Хотя вы, конечно, уже заметили, что я не о карманниках говорю, которых тоже надо опасаться. Но они так глубоко и массированно в наш карман не залезают, как те, кто по своему положению должен нас защищать от напастей: пожарники, например, санэпидчасть, всякие надзорные организации или – автомобилисты меня поймут – те же гаишники… Которых никогда не найдете в случае кошмарной пробки или у запертого на все замки «крутого» автомобиля, припаркованного буквально поперек Тверской, но которые тут же появляются на пустой ровной дороге, где по неизвестным причинам обозначено ограничение скорости, которую сразу и снизить невозможно. В одном из анекдотов милиционеру, просящему социальную помощь, сердобольный начальник приказывает выдать на неделю запретительный дорожный знак, под которым он пополнит семейный бюджет. Вот и выходит: как ни крутись, все равно оберут.

Впрочем, мы с Галей, закончив стрижку, не бежим срезать медный провод и тем более не ищем исток той трубы, которая, как мамкина грудь, питает власть имущих. Переживем, думаю. Галя меня авансом дострижет, а я на гонорар от этой истории заплачу ей за работу, потому что она в одиночку воспитывает сына, а воровать так и не научилась. Зато руки у нее золотые.

Эра глухоты

Минуло более полутора десятков лет, как пришла горбачевская перестройка, этапами которой стали и события в Сумгаите, когда избивали толпу протестующих саперными лопатками, события в Вильнюсе – расстрел гражданского населения при взятии ОМОНом телецентра, а следом такие же события в Риге, где мне уже лично пришлось наблюдать произвол рижского ОМОНа.

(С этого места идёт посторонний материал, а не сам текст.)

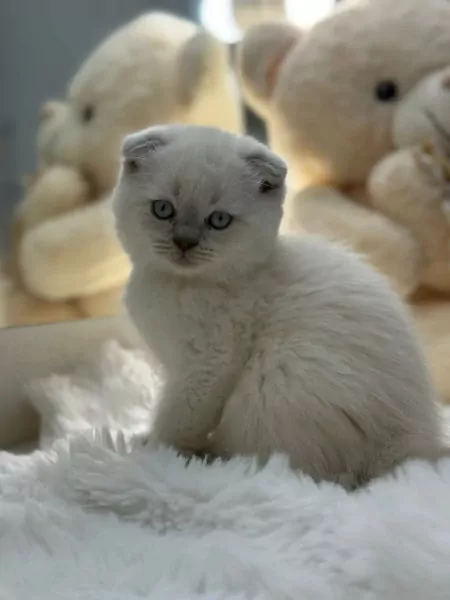 Exclusieve Bluepoint Scottish - afbeelding 2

Вдруг оказалось, что не только показ «Лебединого озера» вместо трагических событий, не только истасканные выражения о «социализме с человеческим лицом», но возможны стали слова правды, произнесенные вслух, сперва робко, на страницах газет, потом по радио и на телевидении. Если не изменяет память, начиналось это с «Московских новостей» и «Огонька», их передавали из рук в руки, читали запоем, хранили на память, почему-то тогда казалось, что все это временно, вот-вот оборвется тонкая ниточка гласности и наступит новая (старая) эра глухоты. У меня до сих пор хранятся журналы и газеты того времени, свидетели – нет, еще не свободы, а лишь освобождения от долгого тяжкого рабства. Но это было оглушительное, ни с чем не сравнимое чувство.

У Даля слово ГЛАСНОСТЬ кроме слов кричать, голосить, шуметь еще означает и общеизвестность чего-либо: оглашение, огласку. И правда, многое неизвестное стало известным, и вместе с прозвучащим словом правды открылся другой мир, непривычный, не приукрашенный, не всегда приглядный, временами даже страшный. Но он нам открылся, и жить стало трудней, но это все-таки была жизнь, а не прозябание. Не все смогли это выдержать. Свежий воздух после длительного кислородного голодания способен отравить человека, и многие с негодованием отторгали все, что несла гласность; их нельзя обвинять, они это делали из чувства самосохранения. А вот самосохранились ли? Думаю, что вряд ли.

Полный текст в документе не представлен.